Saturday, April 21, 2007

Stuff Seen - Clip/Stamp/Fold 2



This exhibit and this exhibit have about as much in common as Zeke's Gallery and the Canadian Centre for Architecture. Earlier this year, I read this review of the show, or the version of the show that had exhibited in new York. In it Nicolai Ouroussoff wrote "Part of the magic of this show... is in the works' crude immediacy. One side of the gallery is wallpapered in hundreds of colorful magazine covers." In the version in Montreal, they decided that they should make wallpaper instead. Which leaves "the opposite wall a more detailed timeline maps out the evolution of the culture of architectural magazines." Or more succinctly this.
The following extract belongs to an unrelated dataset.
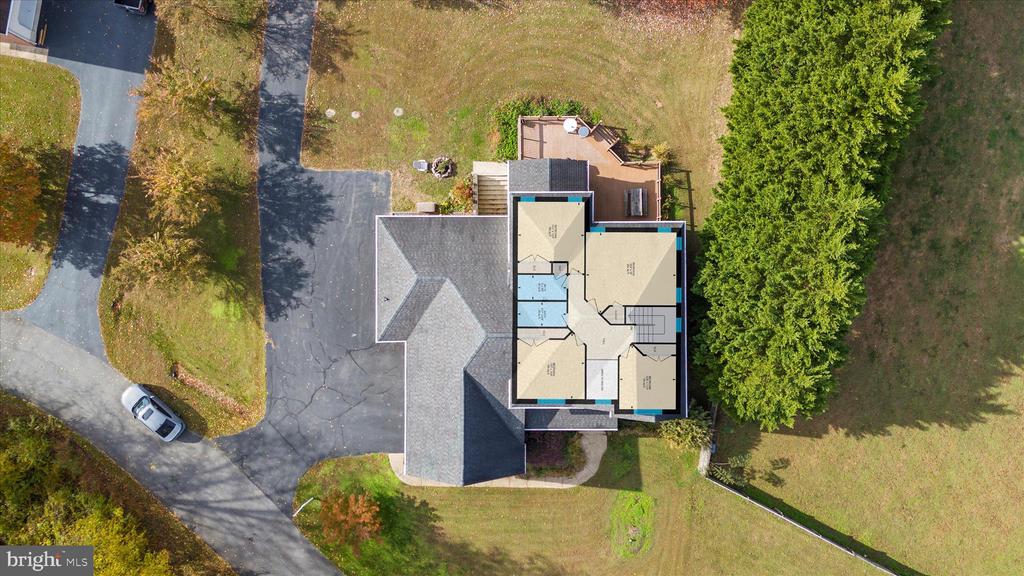 211 STILL WATER LANE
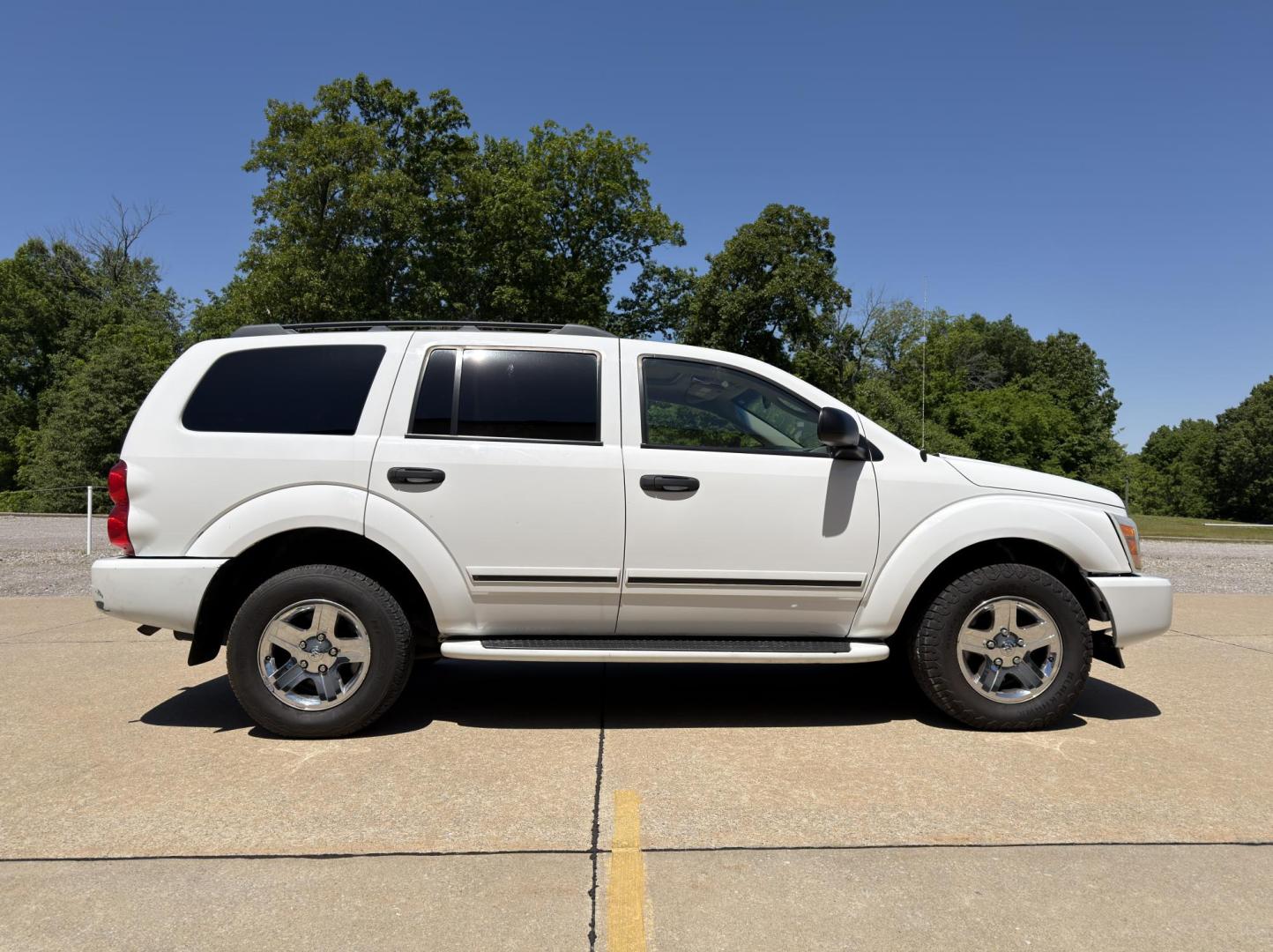 2005 WHITE /Gray Dodge Durango Limited 4WD (1D8HB58D55F) with an 5.7L V8 engine, Automatic transmission, located at 2990 Old Orchard Rd., Jackson, MO, 63755, 37.354214, -89.612106 - 2005 Dodge Durango Limited 196xxx miles 4 Wheel Drive 5.7L V8 HEMI Automatic Leather 3rd Row Rear Entertainment Navigation Power/Heated Seats Sunroof Cruise Power Windows/Locks/Mirrors We have financing available and we accept trades! Fill out a credit application on our website or come - Photo#10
Which as you can imagine is perused in a way more comfortable manner, on a computer screen (or in a book) than it is in a small, brightly lit white cube of a room with three or four tinny speakers screeching stuff that I assume is significant and important, but in fact is rendered worthless because it is impossible to hear anything over the din created by the other speakers.

The thing that passes for a pamphlet (I wasn't able to find a catalogue if a catalogue had been made) had been dumped in a pile on the floor in the hallway before you, almost as if they had been left for the night cleaners to pick up once the place closed.

As Mr. Ouroussoff wrote in his review "all of this would be less interesting today if the magazines weren't simply so alluring: you immediately want to pick them up and leaf through them, reveling in their graphics and textures." So how did the CCA ruin the show, they removed the very thing that made it so darn alluring. And it ain't like they don't have them - in their library/archives/whatever they have where they ask you to wear white gloves they have every darn copy of every darn magazine mentioned in the show.

For Clip/Stamp/Fold 3 what they should do is put up a Plexiglas wall in front of the entrance to the CCA's library it would serve exactly the same purpose; inform the public that they have cool things, but let the public know at the same time that there is no way they will be able to access them in any meaningful way.